◆ Assigned task ◆
Retype the line in which "JEEP Renegade 1.8" appears, then every line after it until the records end. Leave out the pictures.

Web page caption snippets

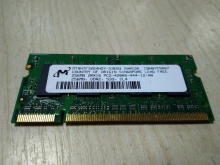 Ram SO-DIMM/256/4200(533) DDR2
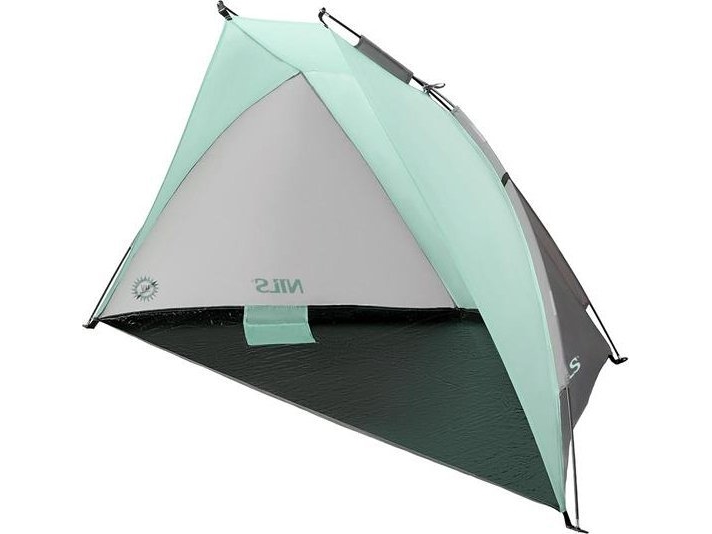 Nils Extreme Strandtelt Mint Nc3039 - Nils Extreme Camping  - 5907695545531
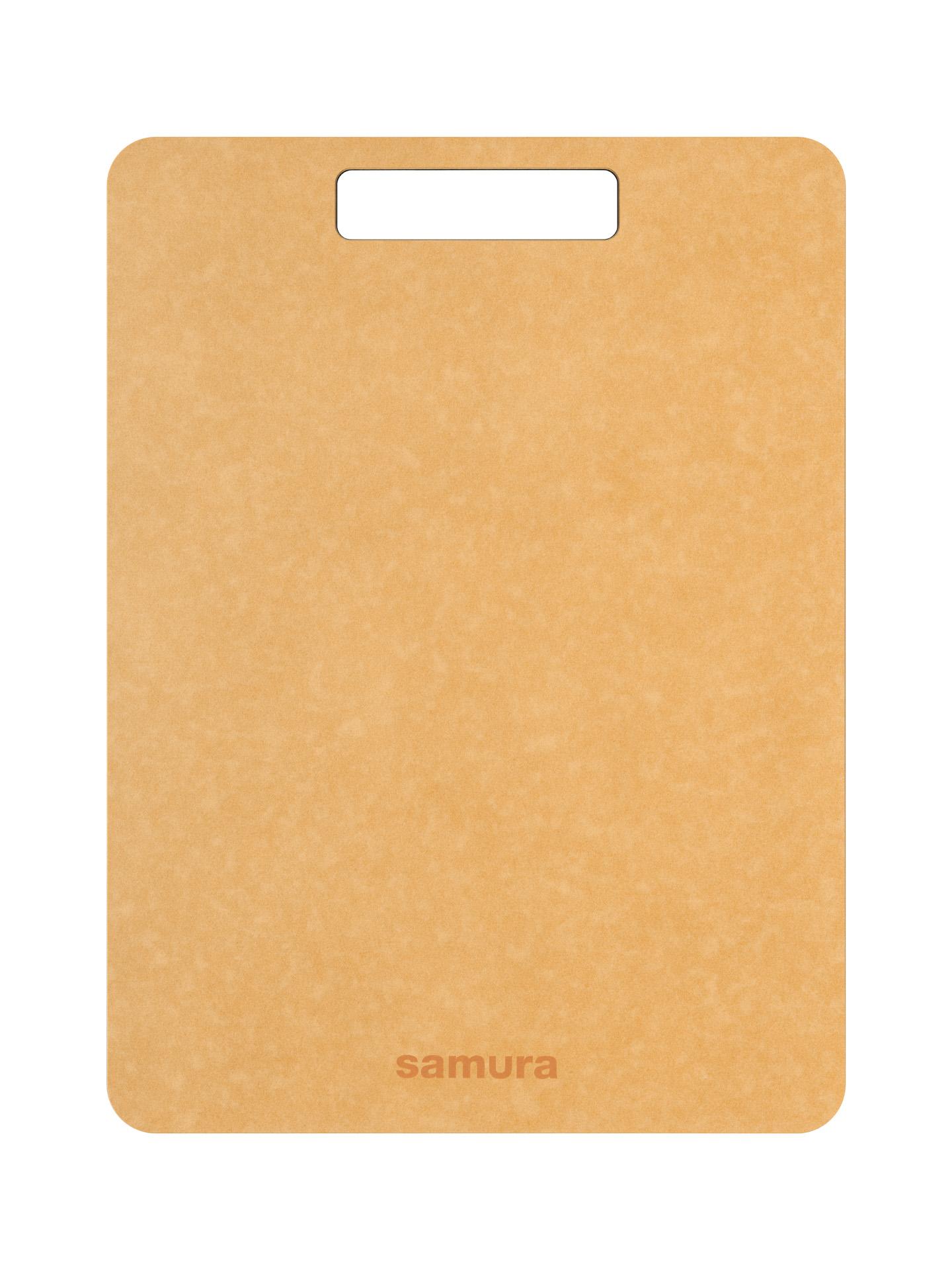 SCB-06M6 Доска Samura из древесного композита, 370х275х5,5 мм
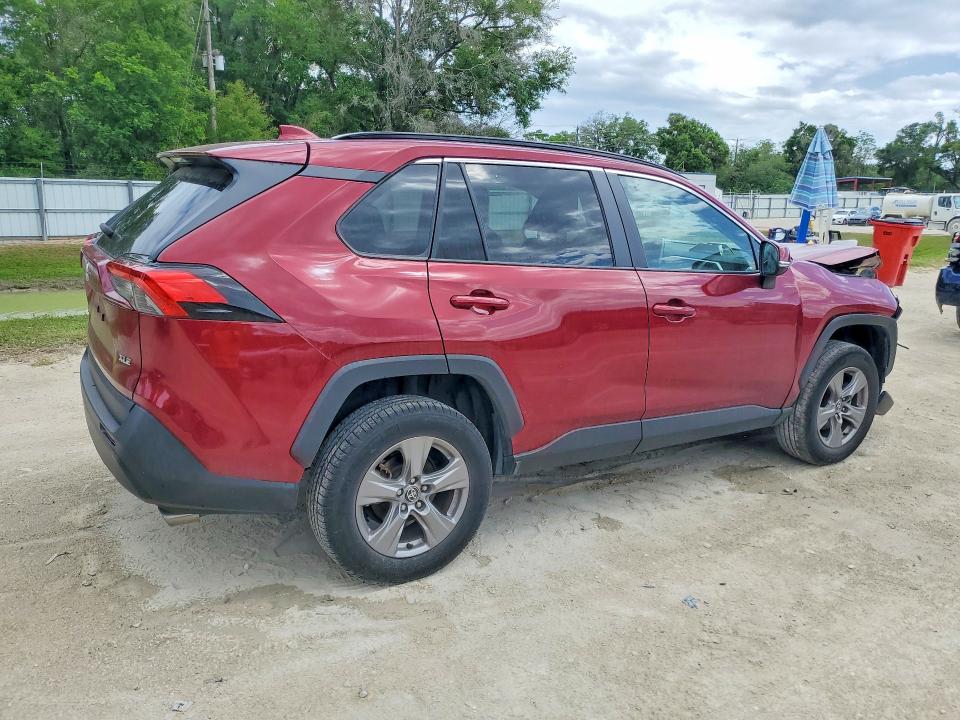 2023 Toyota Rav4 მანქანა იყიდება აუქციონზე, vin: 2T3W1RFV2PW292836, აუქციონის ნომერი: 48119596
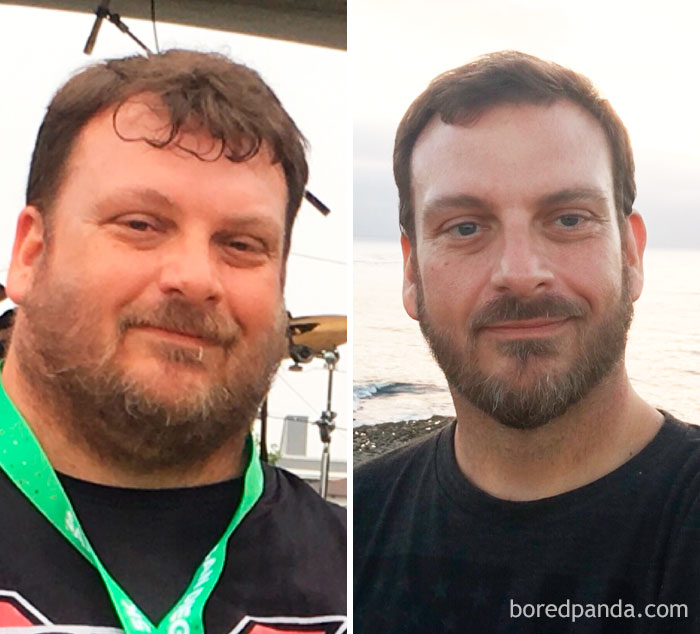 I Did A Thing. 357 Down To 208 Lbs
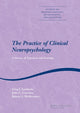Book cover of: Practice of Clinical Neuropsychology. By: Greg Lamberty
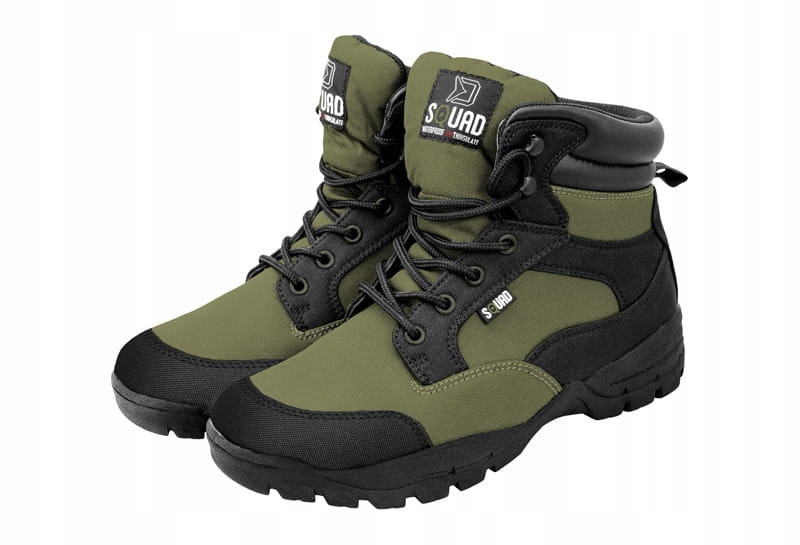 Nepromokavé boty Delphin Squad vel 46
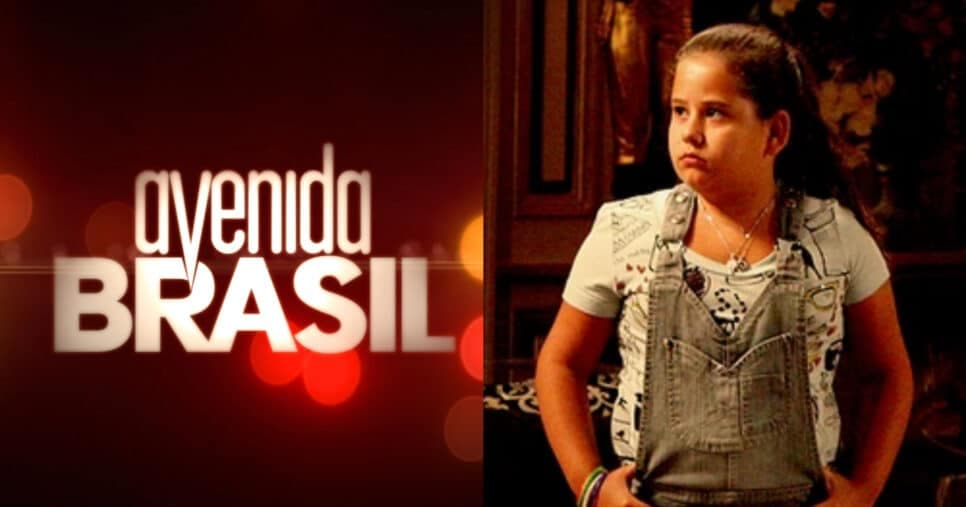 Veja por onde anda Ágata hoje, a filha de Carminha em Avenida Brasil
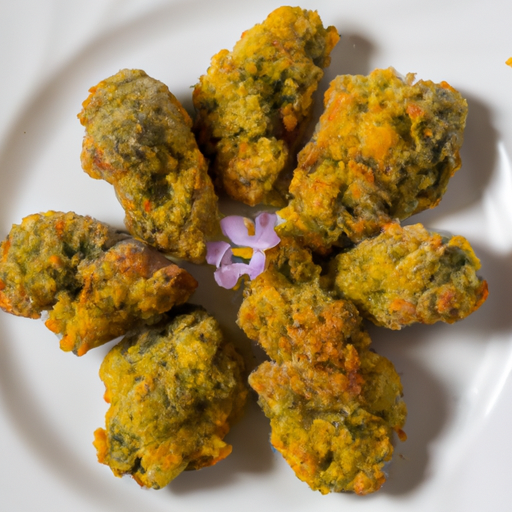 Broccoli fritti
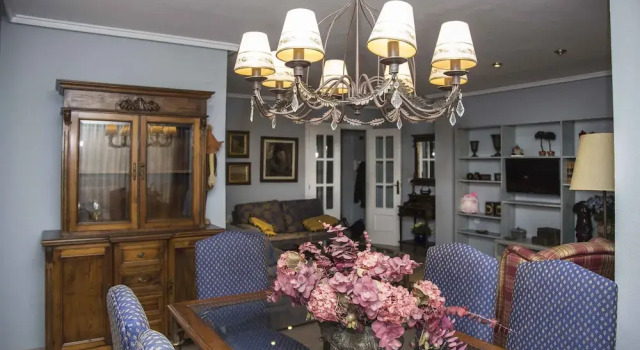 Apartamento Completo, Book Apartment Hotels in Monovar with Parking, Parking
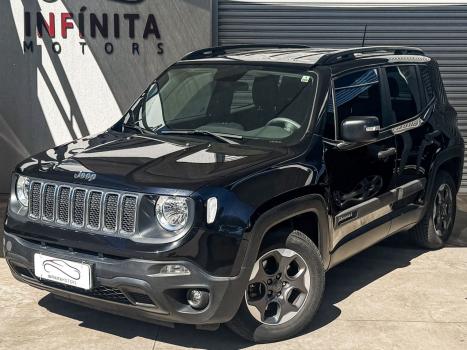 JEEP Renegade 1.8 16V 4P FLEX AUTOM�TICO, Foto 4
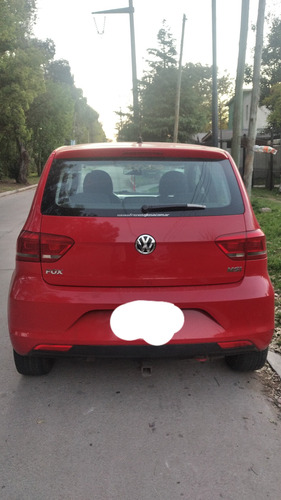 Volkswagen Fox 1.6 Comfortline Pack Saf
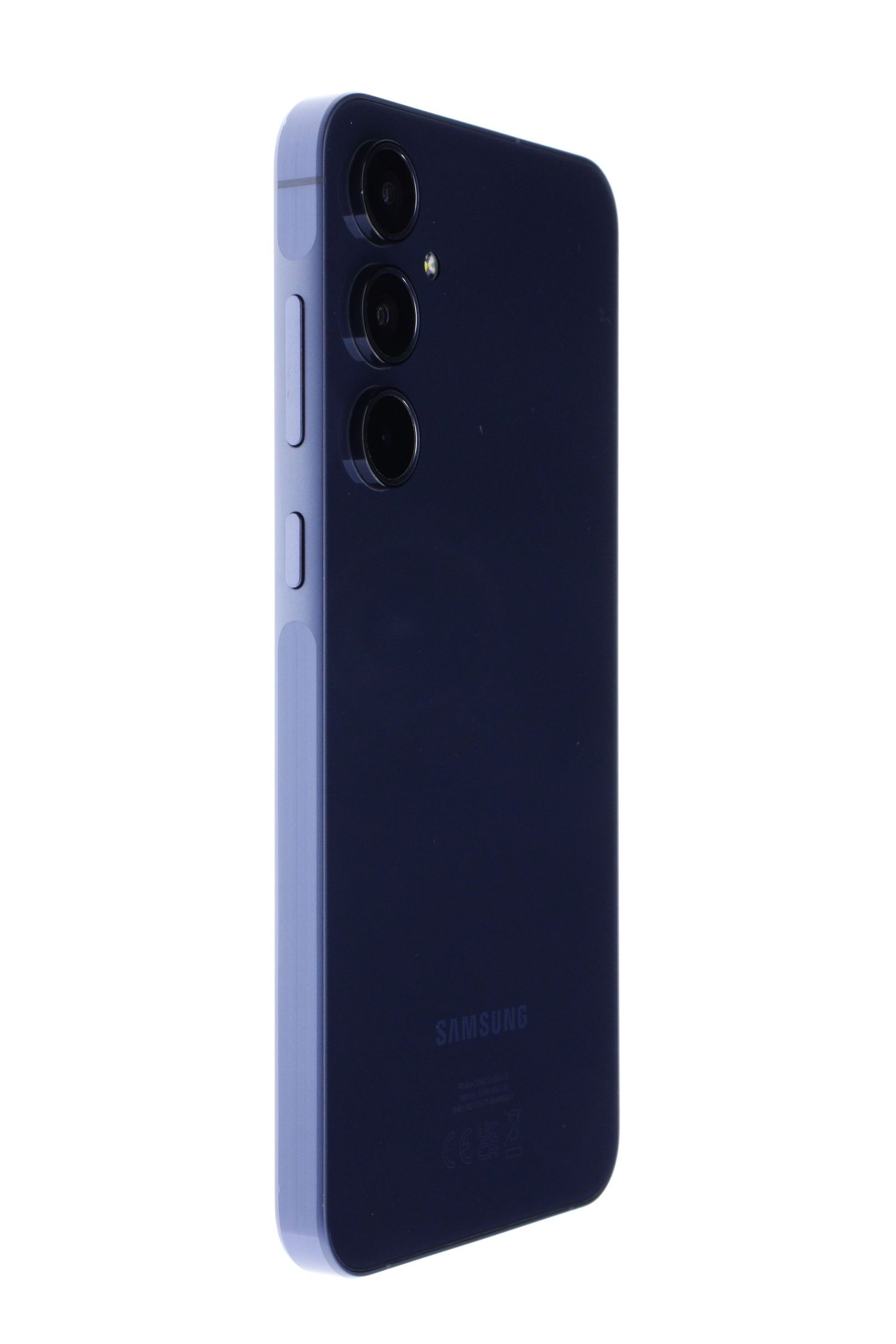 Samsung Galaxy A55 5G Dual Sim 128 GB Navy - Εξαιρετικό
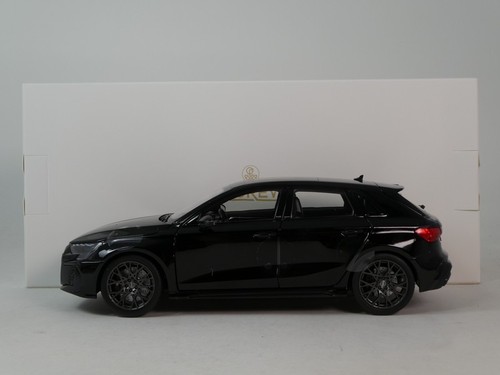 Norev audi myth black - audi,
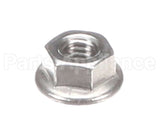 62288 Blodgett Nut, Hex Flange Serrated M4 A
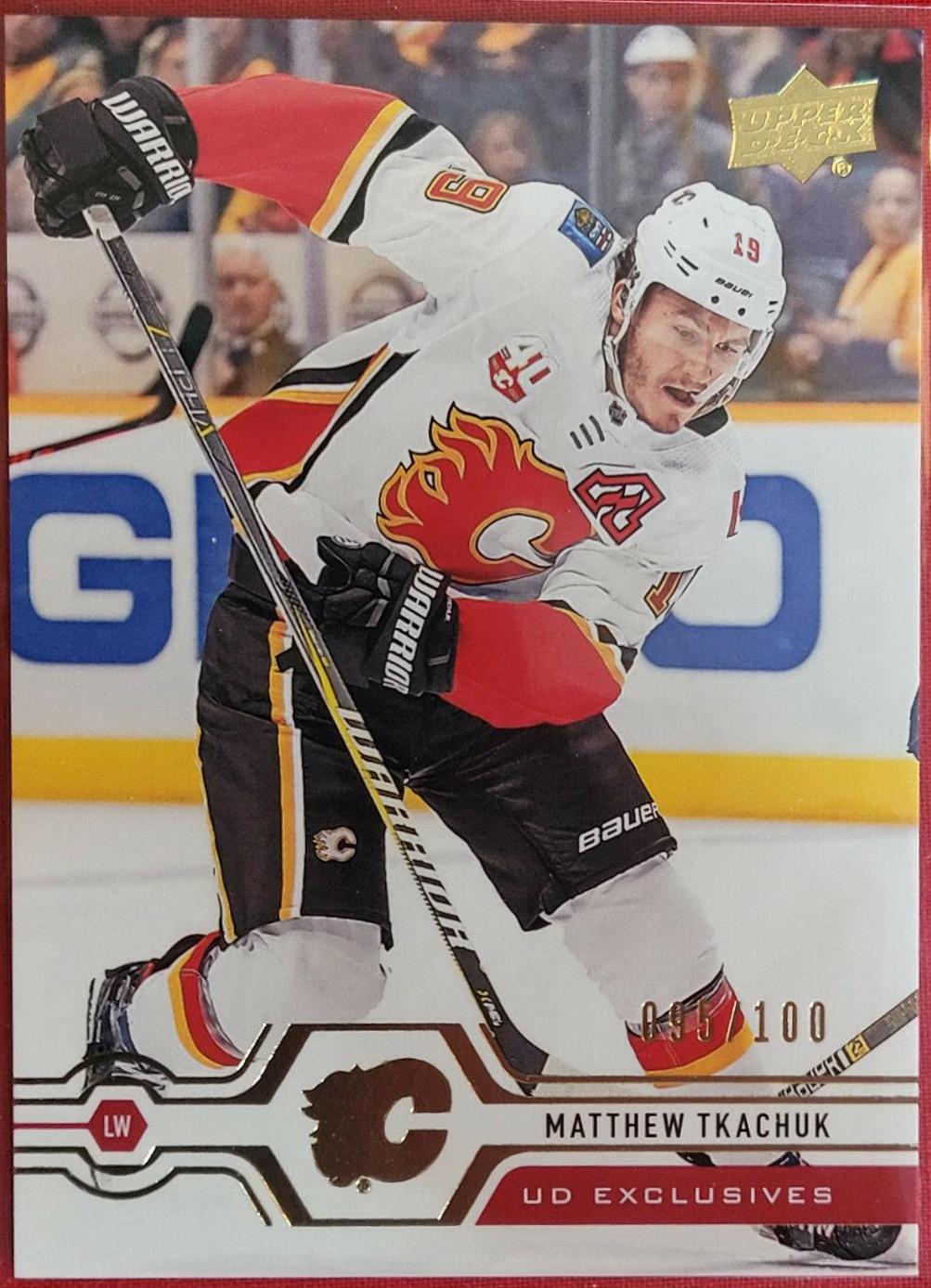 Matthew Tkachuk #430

◆ Response to this task ◆
 JEEP Renegade 1.8 16V 4P FLEX AUTOM�TICO, Foto 4
 Volkswagen Fox 1.6 Comfortline Pack Saf
 Samsung Galaxy A55 5G Dual Sim 128 GB Navy - Εξαιρετικό
 Norev audi myth black - audi,
 62288 Blodgett Nut, Hex Flange Serrated M4 A
 Matthew Tkachuk #430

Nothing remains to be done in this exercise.